▶ [Problem]: Repeat the listing that follows, character for character, minus the pictures.

▶ [Material provided]:

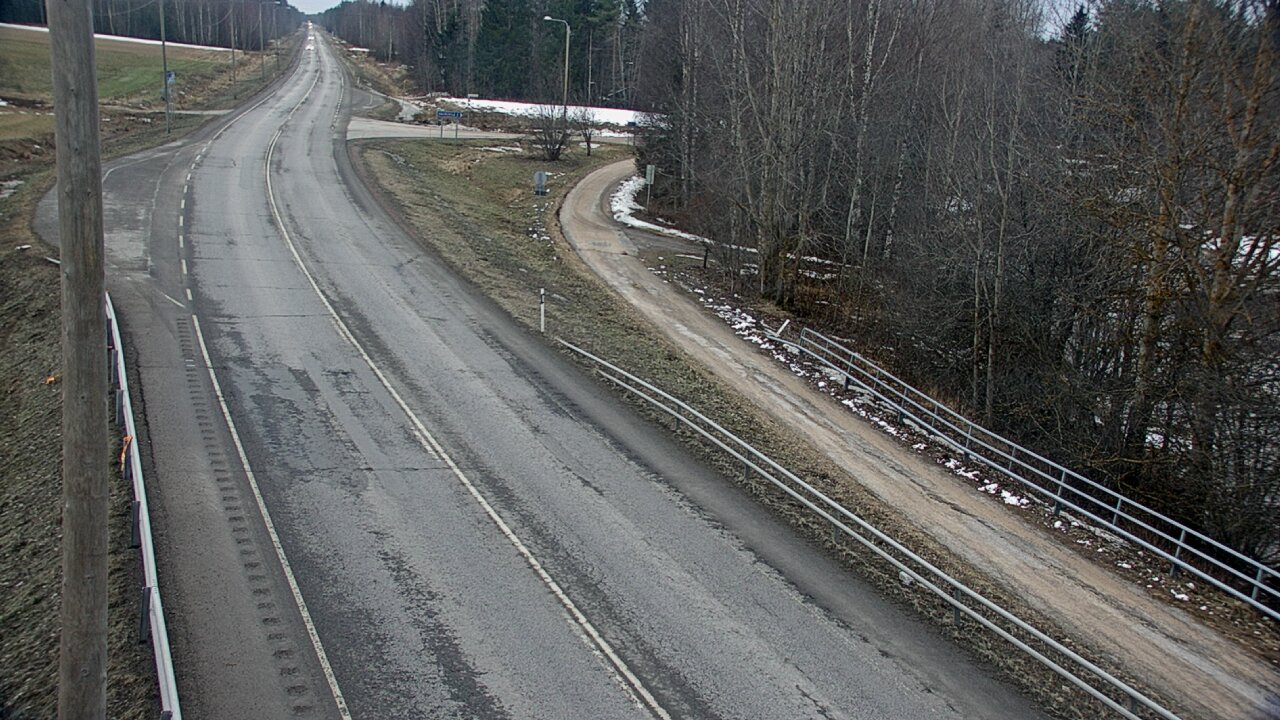 Weather Camera Image Väg 4 Liminka, Alatemmes, Liminka, Pohjois-Pohjanmaa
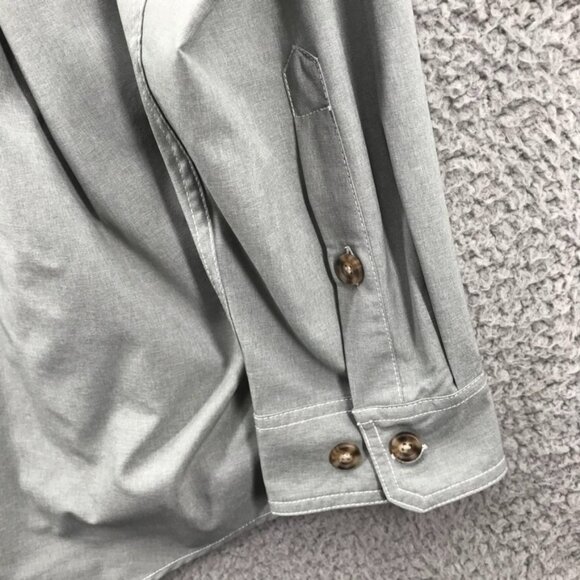 ALASKAN HARDGEAR Duluth Mens Size LARGE Gray Bush Pilot Long Sleeve Shirt - Picture 6 of 16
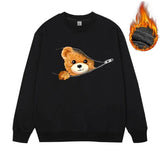 Men's Plus Size Fleece Sweatshirt XL–7XL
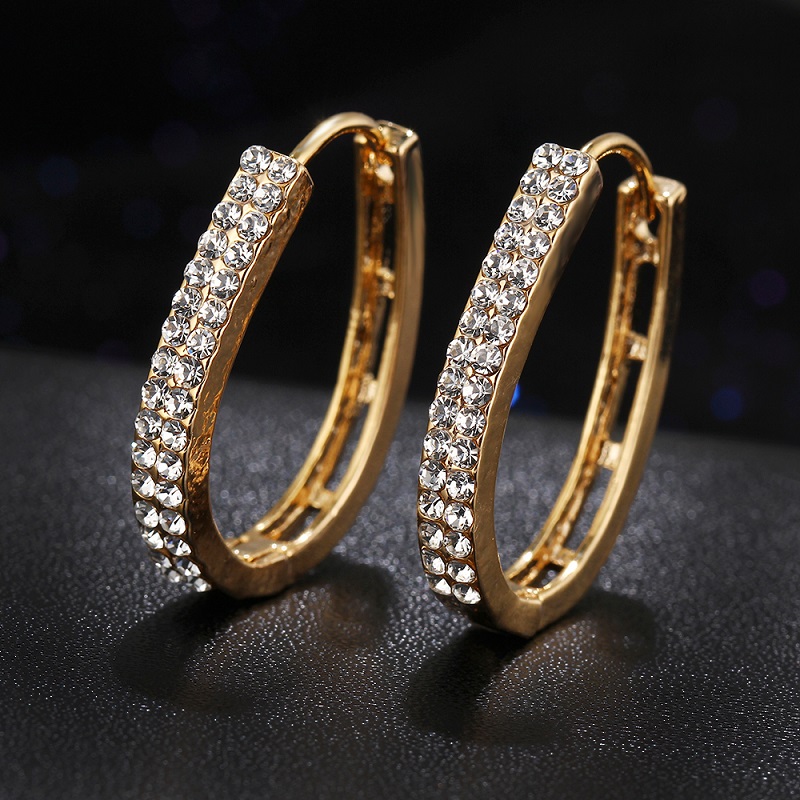 Zircon Crystal Stud Earrings for Women Ear Jewelry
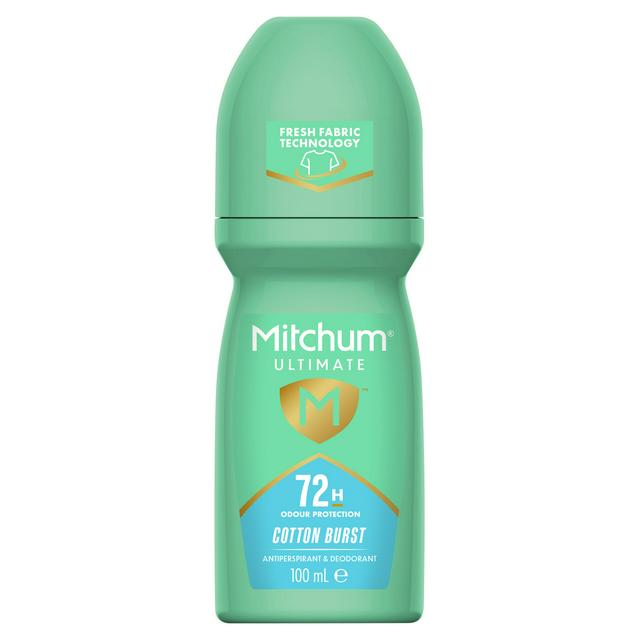 Mitchum Ultimate 100ml Cotton Burst Antiperspirant & Roll on Deodorant - gallery image 1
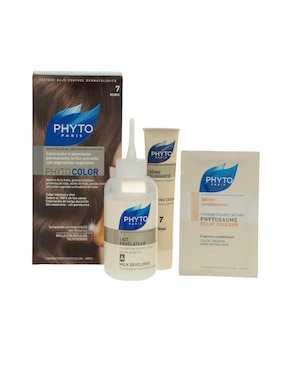 Tinte para cabello Coloration Permanente Phyto Botanical Pigments tono 7.0 rubio
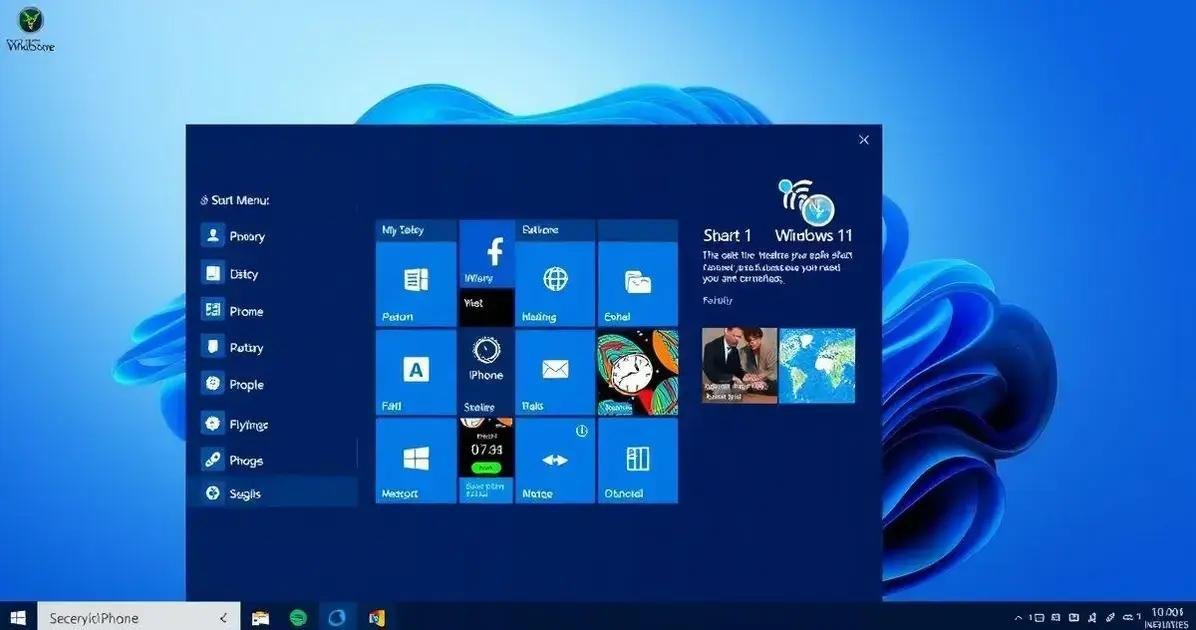 Windows 11: Integração com iPhone no Menu Iniciar Revelada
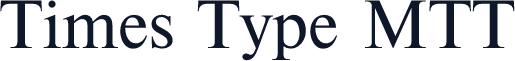 Times Type MTT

▶ [Answer section]:
 Weather Camera Image Väg 4 Liminka, Alatemmes, Liminka, Pohjois-Pohjanmaa
 ALASKAN HARDGEAR Duluth Mens Size LARGE Gray Bush Pilot Long Sleeve Shirt - Picture 6 of 16
 Men's Plus Size Fleece Sweatshirt XL–7XL
 Zircon Crystal Stud Earrings for Women Ear Jewelry
 Mitchum Ultimate 100ml Cotton Burst Antiperspirant & Roll on Deodorant - gallery image 1
 Tinte para cabello Coloration Permanente Phyto Botanical Pigments tono 7.0 rubio
 Windows 11: Integração com iPhone no Menu Iniciar Revelada
 Times Type MTT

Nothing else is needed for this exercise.